今回の最高裁決定は、1審の判断について「事実認定で飛躍や過剰な推認がある。不合理と言わざるをえず、破棄を免れない」と批判。市民から選ばれた裁判員が約2カ月間にわたって審理に参加し、出した結論が否定されることになった。
これに対し、1審で裁判員を務めた30代の男性会社員は「(1審当時)19年前の事件で、明らかな証拠がない中で一生懸命考えて出した有罪判決だった。(無罪が確定することに)言葉が出ない」と語り、「自分たちの判決には、今も自信がある。最終的にプロの視点が結論になるなら裁判員は必要なのか」と疑問を呈した。

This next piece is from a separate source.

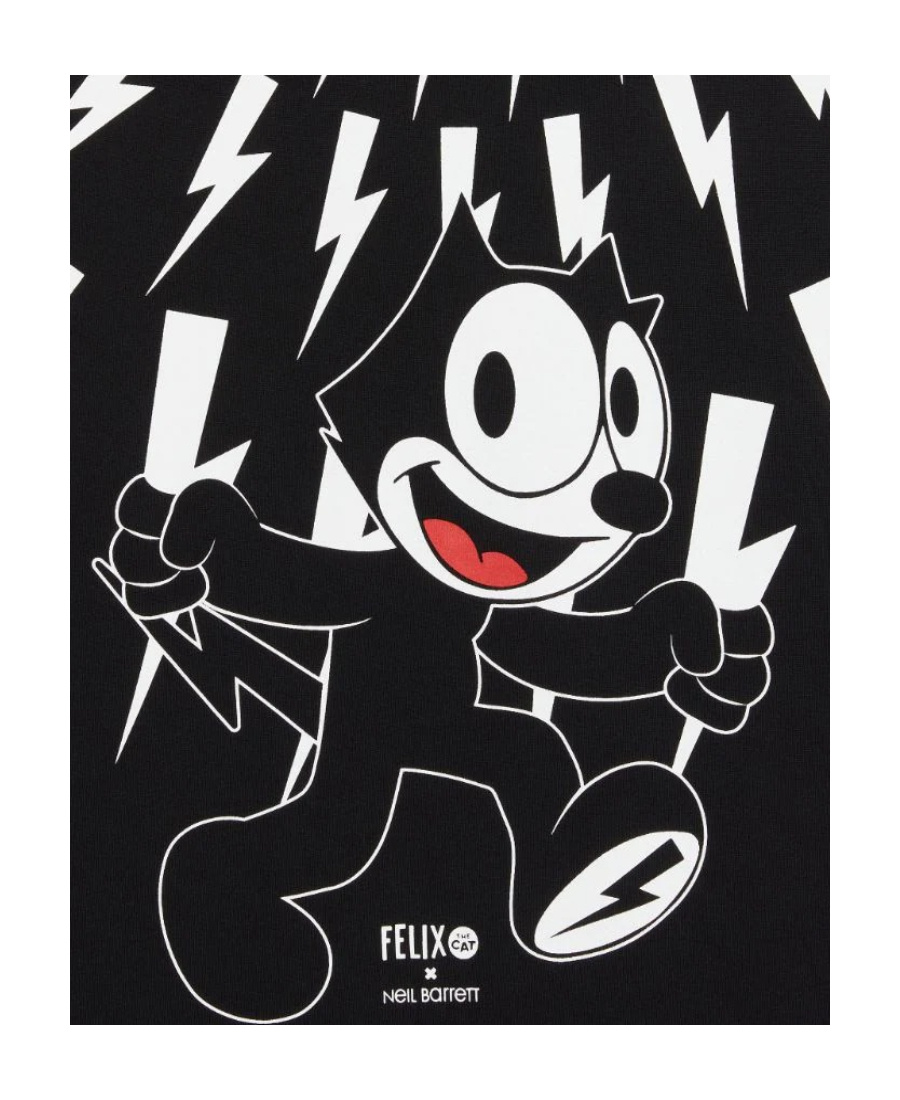 Neil Barrett X Felix The Cat Thunder Bolt T-shirt In Black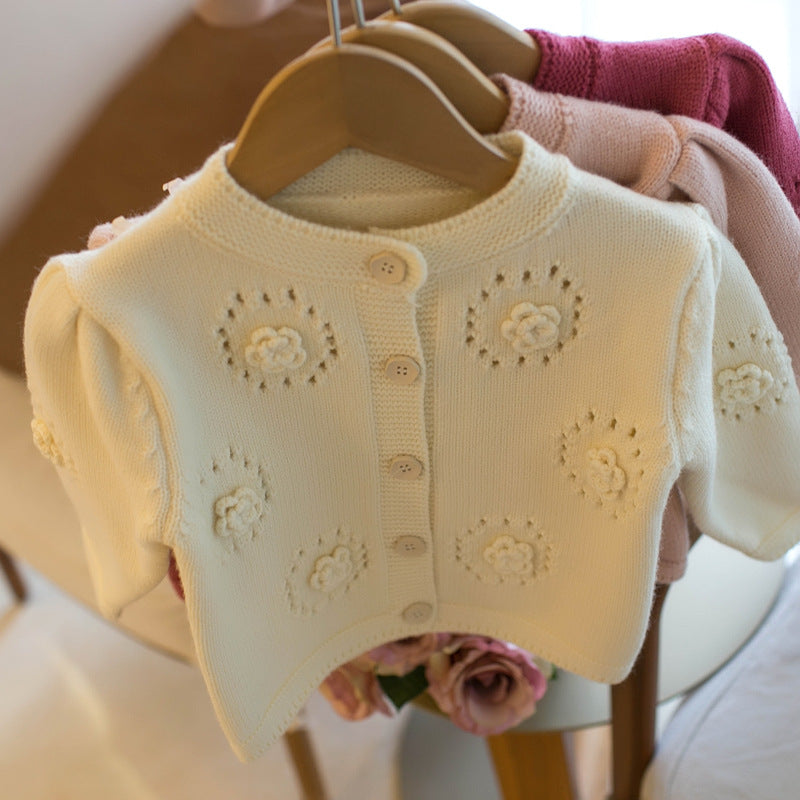 Cardigan Infantil Tricô Florzinha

一方、オウム事件の被害者は複雑な心境を明かした。都庁爆発物事件で左手の指を失った元都職員の内海正彰さん(66)は代表取材に「20年という時間の経過があり、事件の真実が風化され、裁判という場で有罪が立証できなかったということだと思います」と話した。「(元信者が)17年間逃亡したこと、薬品を運んだ事実、罪の意識は確かだと思うが、立証できなかった。風化が人々の心の中まで進み、事件そのものが風化していくことを危惧します」と懸念を示した。
オウム事件に詳しいジャーナリストの江川紹子さんは「後継団体のアレフは一連の事件への教団関与を否定しており、無理に罪を作り上げることは、そうした主張を裏付けることにもなりかねない。1審判決は推測を幾重にも重ねて結論を導いており、厳密に事実を積み上げる刑事裁判の原則を裁判官がどこまで裁判員に説明していたか疑問だ。最高裁の判断は当然だろう」と話した。
都庁爆発物事件は95年5月に発生。菊地元信者は直後に特別手配され、17年間の逃亡の末に逮捕された。1審は「被告には殺傷事件の手助けをする認識があった」と懲役5年の実刑判決を言い渡したが、2審は「認識はなかった」と覆し、菊地元信者は即日釈放された。